A professora e líder comunitária Rozilda Pereira do Nascimento, 39, classifica a comunidade como um dos maiores quilombos urbanos do Brasil e destaca características que a enquadram como quilombola, incluindo costumes afro-brasileiros como o candomblé, cantigas de roda e a atuação de rezadeiras.
Mesmo com cerca de 10 mil moradores, o bairro nunca elegeu um vereador: “Os políticos aparecem em época de eleição para barganhar votos, mas, depois, o bairro fica esquecido. Eles não trazem uma devolutiva em forma de políticas públicas”.
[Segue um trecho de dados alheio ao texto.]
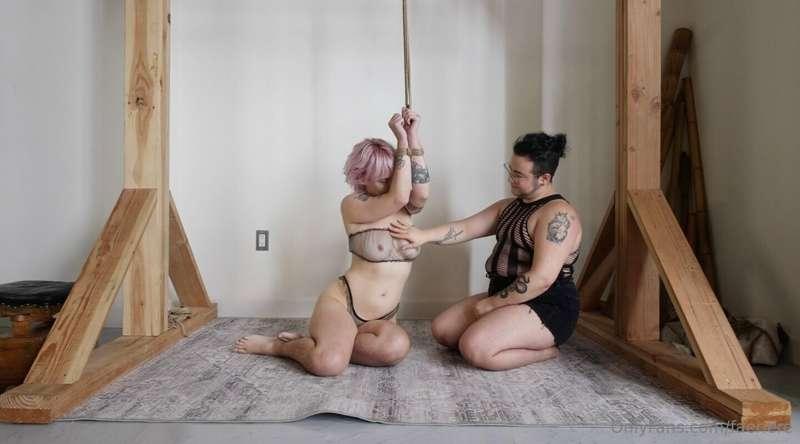 More photos from a play date with @liefbound ✨
If you couldn..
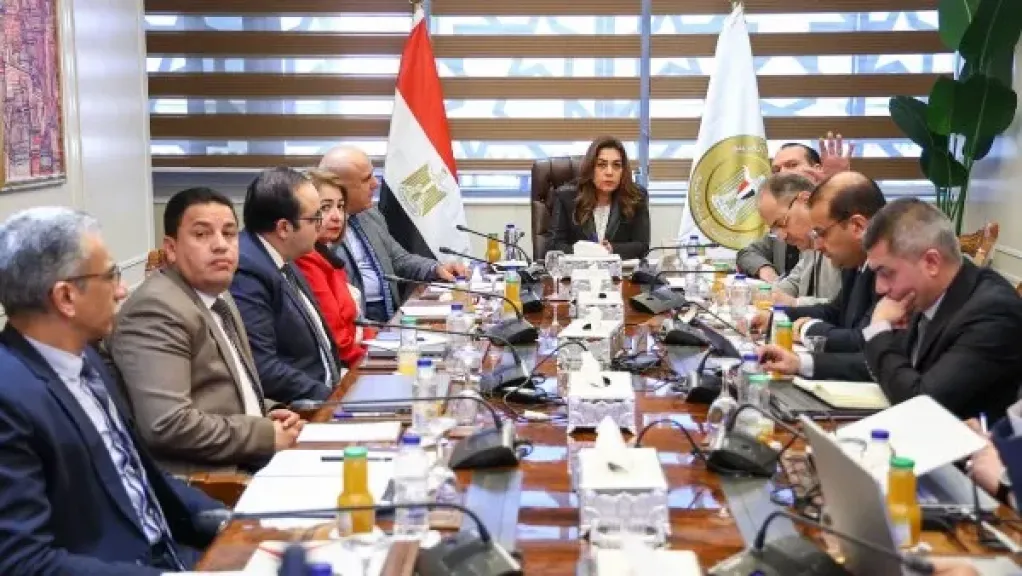 منال عوض: دمج البيئة بالتنمية المحلية وتطوير المخلفات ومتابعة مخالفات البناء بالمحافظات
Nesta eleição, nomes como Marcelão Conselheiro Tutelar (PP), Edjane do Alto (Podemos) e Alan Lemos (PL), todos da comunidade, concorrem, mas Rozilda reconhece o cenário adverso diante da pulverização e diz que o ideal seria que todos se unissem.
Ao todo, 25 candidatos se declararam quilombolas em Senhor do Bonfim. Entre os três candidatos a prefeito, Rigoberto Batista (PRTB) se identifica dessa forma, mas líderes das comunidades dizem desconhecer relação dele com os territórios tradicionais. A Folha não conseguiu contato com ele.
No Brasil, 3.544 candidatos afirmam ser quilombolas, sendo que 75 disputam o cargo de prefeito, 126, de vice, e 3.342, de vereador — 49,8% se declararam pretos, 32,4% se disseram pardos e 16,4% informaram ser brancos.